**Work item:**
Return the listing below unchanged, except that the pictures are dropped.

++++ Dataset content

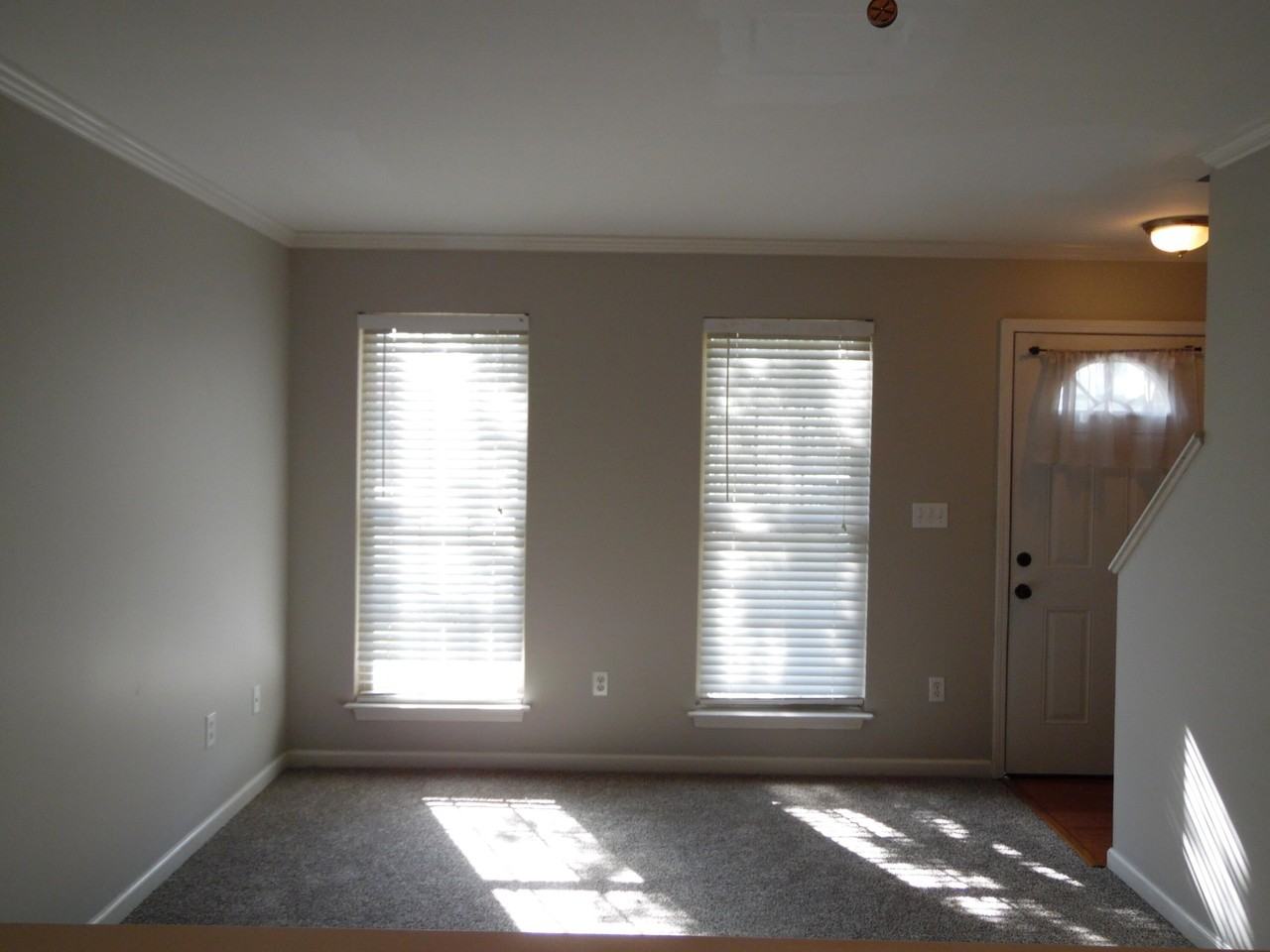 415 Marquis Ave #103 - Photo 4 of 8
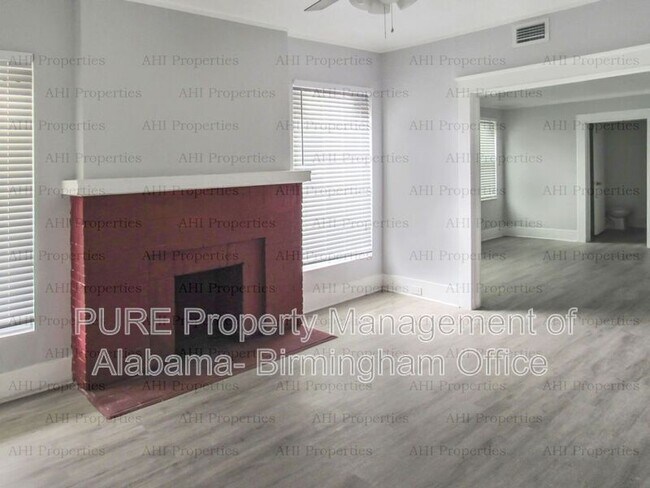Building Photo - 7231 1st Ave S
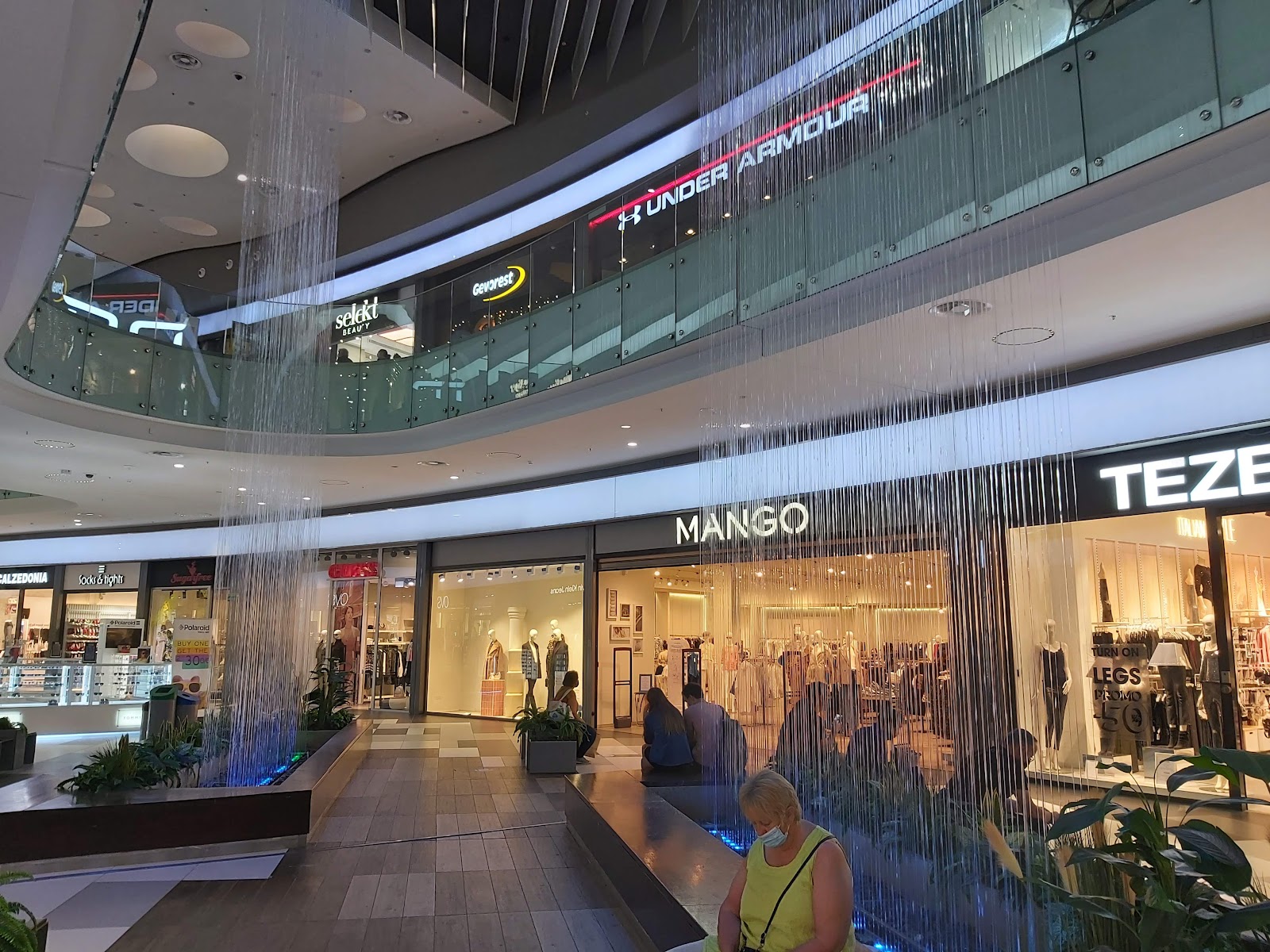 Kings Avenue Mall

++++++++

**Result of the task:**
 415 Marquis Ave #103 - Photo 4 of 8
Building Photo - 7231 1st Ave S
 Kings Avenue Mall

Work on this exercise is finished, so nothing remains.